WPP would grow to 205,000 employees in 3,000 offices in 113 countries, with a peak market cap of over £24billion (a far cry from the £9billion it is today). However, in 2018 the WPP board hired an outside law firm to investigate alleged “personal misconduct”, which included bullying junior employees and misuse of company funds. Sorrell denied all allegations. Despite the investigation finding that “the allegation did not involve amounts that are material”, he left WPP after 33 years in charge. The then-73-year-old wasted no time in setting up his next venture, S4 Capital.
Six years later, the company has had ups and downs – and its share price suggests it is having a difficult time – but he describes the company as having a “truly disruptive model” because it focuses purely on digital and is purely data-led. “The data and digital media sides of the business demand much more than the ‘creative’ side.” Digital media’s biggest asset is its feedback loop. Sorrell explains that with the advent of AI, you can make an advert in under three minutes. Combine this with first-party data and signals from platforms such as Meta or Google, you can develop “literally millions of pieces of content” for a campaign.
Sorrell’s acquisition-led approach to growth has followed him to S4 Capital. When asked how he finds these businesses for acquisition, Sorrell says that it starts with a mix of people within the firm, journalists, competitors, and most importantly: clients. “Clients are the best source of free information. Every client you see, you should say ‘Who are the best agencies you’ve come across?’ and you get your list that way.”
Not all of these deals are rosy success stories that get plastered on the news every day.
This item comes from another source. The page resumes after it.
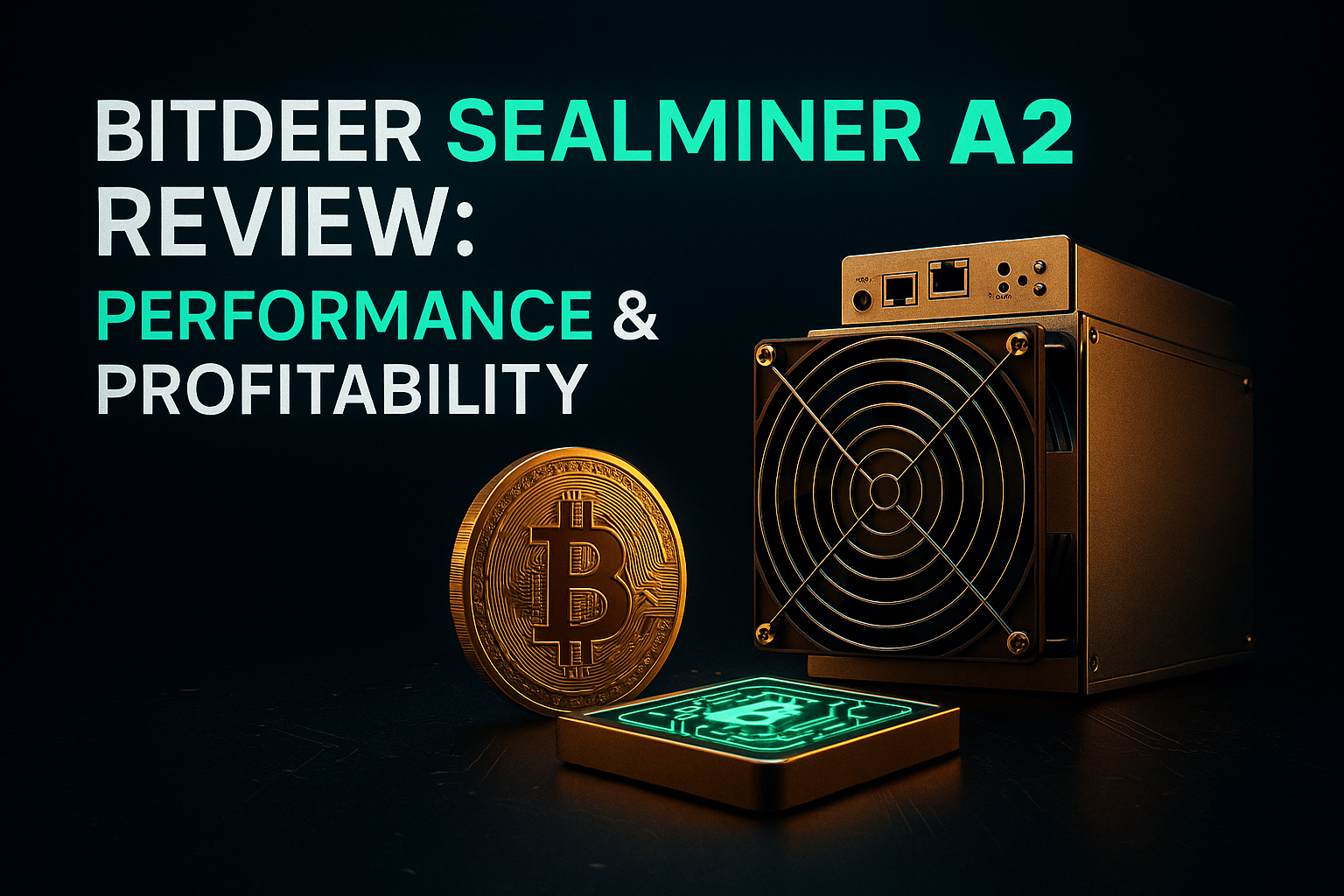 Bitdeer SealMiner A2 Review: Performance & Profitability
According to the Harvard Business Review, between 70 per cent and 90 per cent of M&A deals fail. “The easiest part is getting the deal done,” says Sorrell. “The most difficult part is getting it to work. As people say, but for clients and people, this would be a great business.”
Where did this man “born and bred in the ghetto of North West London” get the chutzpah to take on the advertising world? “People always tend to think about control,” says Sorrell. “Therefore, their vision is about what they can control. They tend to hire people who are not better than them, and they tend to acquire businesses that are not bigger than them, so that tends to be limiting. What Maurice and Charlie [Saatchi] used to say is that nothing is impossible.”